The paper finds that the peak epoch of molecular gas density aligns closely with the era of peak star formation, reporting $\rho_{\rm H_2}\approx2\times10^7\,{\rm M_\odot}\,{\rm Mpc^{-3}$ at $z\approx2$. This alignment with the peak star formation epoch strongly suggests that higher volumes of molecular gas rather than increased star formation efficiency is the primary driver of this historical peak in star formation. This assertion challenges models which have suggested that star formation efficiency need not remain constant over cosmic timescales. Particularly, the authors demonstrate that a constant star formation efficiency model can reasonably replicate the observed evolution of $\rho_{\rm H_2}$ by merely inverting the known star formation rate density.

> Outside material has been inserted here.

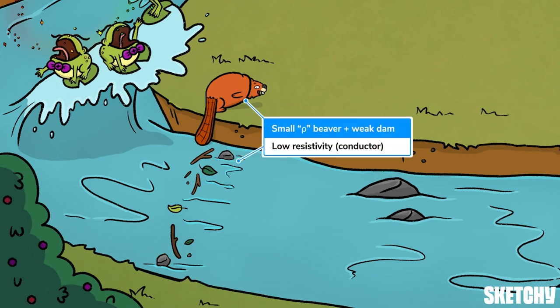Here, a small rho-shaped baby beaver has tried to build a dam of leaves and sticks. But damn, that thing does not look very sturdy. This dam represents a conductor with low resistivity, which allows most of the river current to continue on through. Might not look like much of an accomplishment, but baby beaver is pretty damn proud.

Further reinforcing their claims, the paper elucidates several auxiliary approaches, including modeling from the halo mass function and using stellar-halo mass ratios to independently derive $\rho_{\rm H_2}$. This multi-pronged approach provides robust cross-validation of their outcomes and adheres to the empirical data from CO line surveys, offering reasonable alignment albeit variances with some high-excitation CO line derivations.

The implications of this work are multifold:

1. Empirical Constraints: The substantial reduction in statistical uncertainties at redshifts out to $z\approx2.5$ offers vastly improved empirical constraints on models of galactic evolution and star formation histories.
2. Formation Pathways and Mechanisms: By suggesting that the peak in star formation does not necessitate increased efficiencies but rather abundant gas, this work propels further exploration into the formation pathways of H$_2$ under varying cosmological conditions.
3. Theoretical Models: The findings stimulate refinement in theoretical models predicting galaxy formation and evolution, particularly in terms of molecular gas accretion and consumption dynamics over cosmic epochs.

The paper speculates on the future of this line of research, emphasizing the potential of wide-field surveys at $1$\,mm/$3$\,mm wavelengths to probe further back in cosmic history, which would extend these empirical constraints to even higher redshifts.

Overall, Garratt et al.'s paper is a polished and detailed contribution to our understanding of cosmic molecular gas density evolution, bolstering our comprehension of how star formation processes have unfolded across the history of the universe. The methodologies and analyses presented serve as a foundational reference for both contemporary and future astrophysical research in galaxy evolution.